Cette situation se traduit par un recul de notre pays sur le marché mondial. La part des exportations de la France dans celles de l’ensemble de l’Europe est ainsi passée de 16 % à 13 %. Le déclin de l’industrie a, certes, été accentué par la crise, mais il ne date pas de celle-ci. Il frappe d’ailleurs toute l’Europe, puisque la part de l’industrie dans la valeur ajoutée a chuté de 20,5 % à 17 % dans l’Union européenne entre 1995 et 2006, mais la chute est plus sévère dans notre pays, puisque – vous l’avez dit tout à l’heure, monsieur Bocquet – l’industrie manufacturière ne représente plus que 16 % de la valeur ajoutée, soit moins que la moyenne européenne.
Nous devons également nous battre pour l’industrie parce qu’elle représente une richesse humaine. Dans l’usine de Linselles à laquelle je faisais référence tout à l’heure, 50 % des ouvriers ont plus de cinquante ans.
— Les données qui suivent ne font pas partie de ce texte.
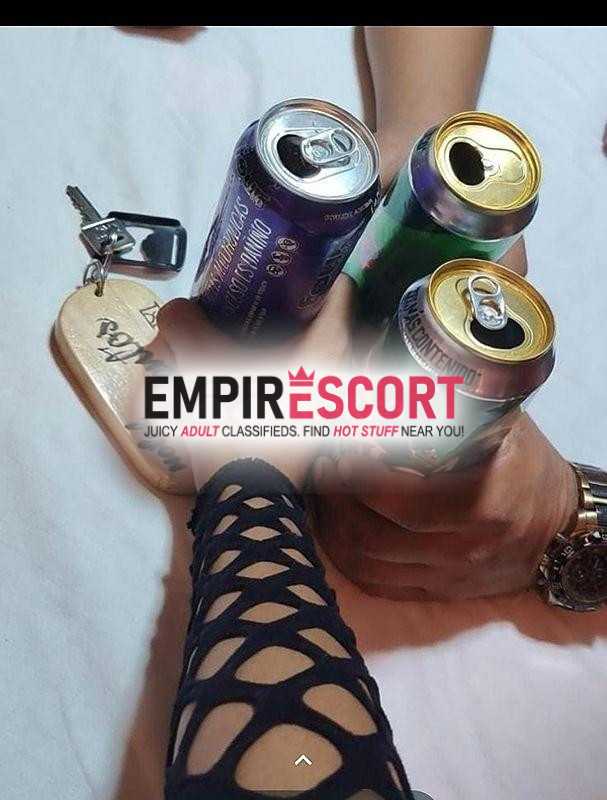 joven dotado complace parejascuckold - trios - mujeres solas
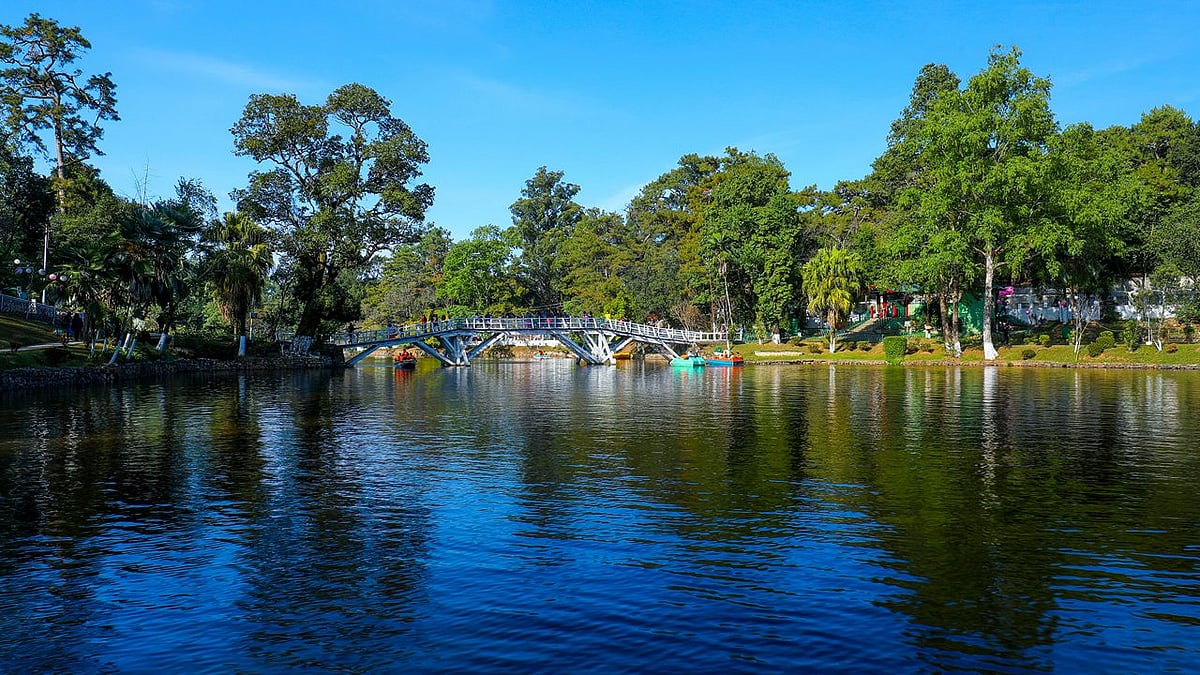 Incredible India : Wards Lake, Shillong, Meghalaya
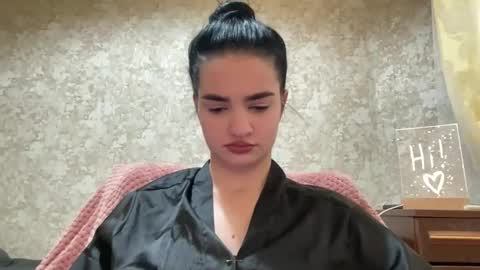 Snapshot of renata_a1 chatting on 10-17-25, 11:24 Renata online show from 10-17-25, 11:24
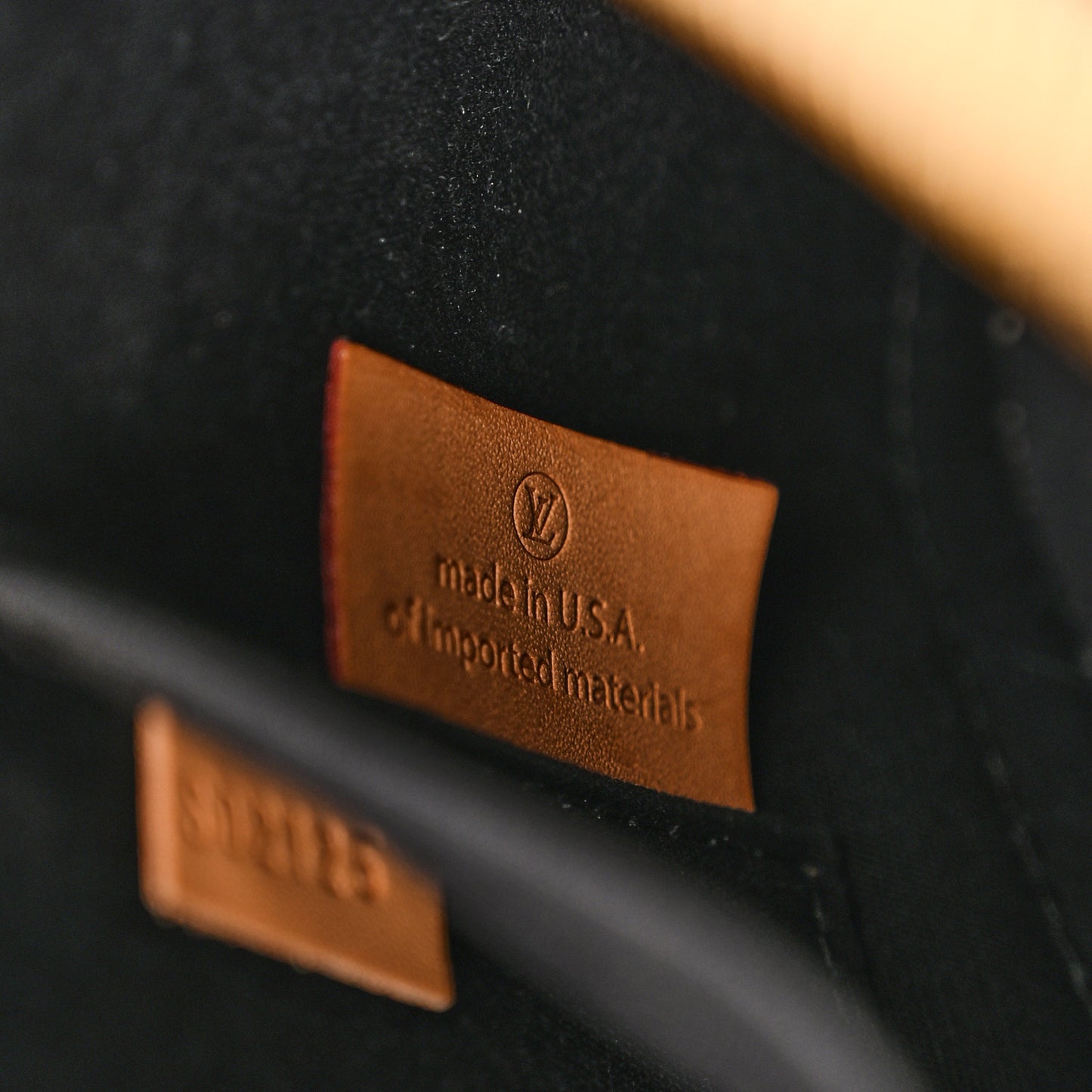 Vernis Alma BB Noir Magnetique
Beaucoup y ont passé leur vie, beaucoup en sont fiers. Un sondage récent de la SOFRES indiquait que, si l’entreprise est, pour les Anglo-saxons, un gagne-pain et, pour les Allemands, un lieu de valorisation par le travail, elle est, pour les Français, un lieu où se nouent des relations humaines. On comprend mieux ainsi ce qui se passe lorsque, dans certaines grandes entreprises, le traitement réservé aux salariés manque d’humanité.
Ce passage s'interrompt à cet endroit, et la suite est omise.